Annalena Baerbock sagt ganz klar: „Wir leben nicht in einer zweigeteilten Welt, sondern in einer multipolaren Welt.“ Für Olaf Scholz ist Multipolarität ein bislang zu wenig beachteter Dreh- und Angelpunkt seiner außenpolitischen Weltsicht.
Anders als für China und Russland heute versteht Scholz „multipolar“ nicht als politisches Projekt gegen die dominante Rolle der USA, sondern als empirische Bestandsaufnahme.
Viele einflussreiche Länder in Asien, Afrika und Lateinamerika wollten ihre eigene Geschichte schreiben und sich nicht in ein amerikanisches oder chinesisches Lager einsortieren lassen. Damit kann man keinen neuen Kalten Krieg wegwünschen, auf den wir uns rapide zubewegen, allerdings unter anderen multipolaren Vorzeichen.

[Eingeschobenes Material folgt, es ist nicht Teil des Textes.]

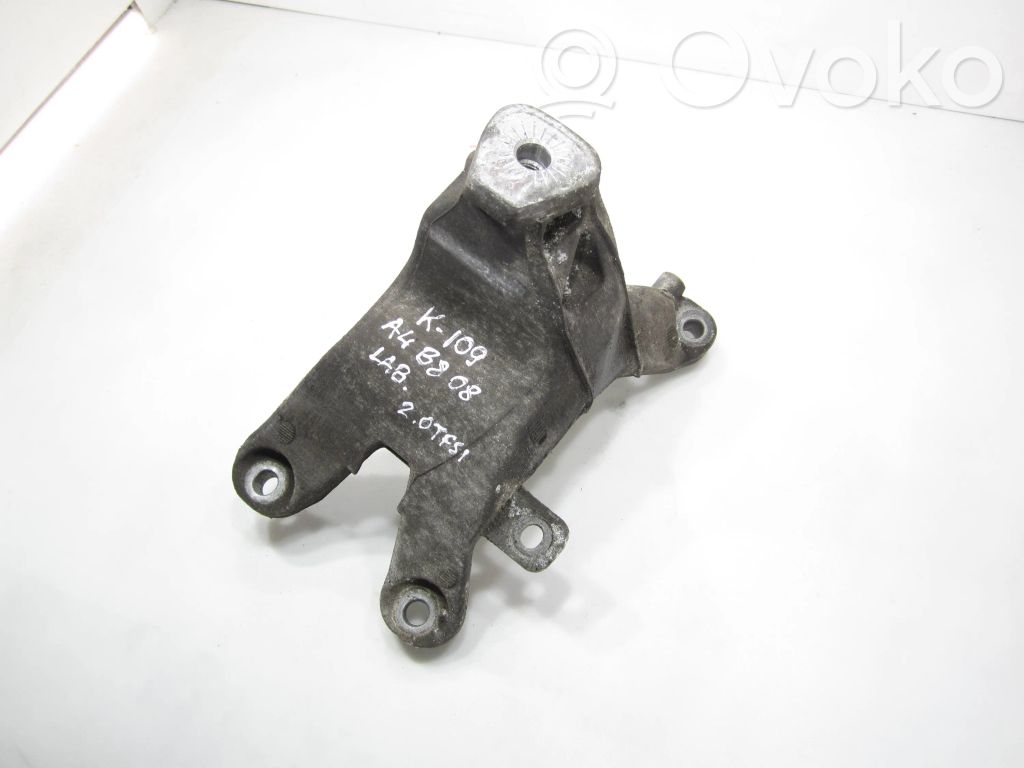 Audi A4 S4 B8 8K Engine mounting bracket 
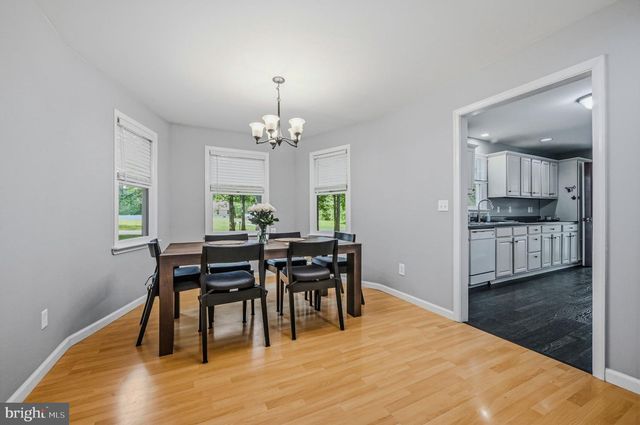 164 SAW MILL RD, Townsend, DE 19734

Um erfolgreiche Außen- und Sicherheitspolitik in einer multipolaren Welt zu machen, muss Deutschland die Beziehungen zu den Gestaltungsmächten außerhalb des Westens massiv ausbauen. Nur so kann Deutschland wirtschaftliche Diversifizierung voranbringen und vor allem möglichst viele Staaten davon überzeugen, eine multipolare Welt auch multilateral zu gestalten.
Das wird ein schwieriges Unterfangen. Viele der Staaten sind aus unterschiedlichen Gründen skeptisch gegenüber dem Westen und der Ungleichheit und Ungerechtigkeit der bestehenden internationalen Ordnung. Viele Regierungschefs, so berichtet es Außenministerin Baerbock, hätten ihr nach Start des russischen Kriegs gesagt: „Wo wart Ihr, als wir euch brauchten?“
Der Fokus der Sicherheitsstrategie auf den Ausbau von Beziehungen mit nicht-westlichen Staaten ist deshalb richtig. Erfrischend ist, dass die Sicherheitsstrategie den allzu bequemen Begriff des „globalen Südens“ vermeidet. Zu unterschiedlich sind diese Staaten.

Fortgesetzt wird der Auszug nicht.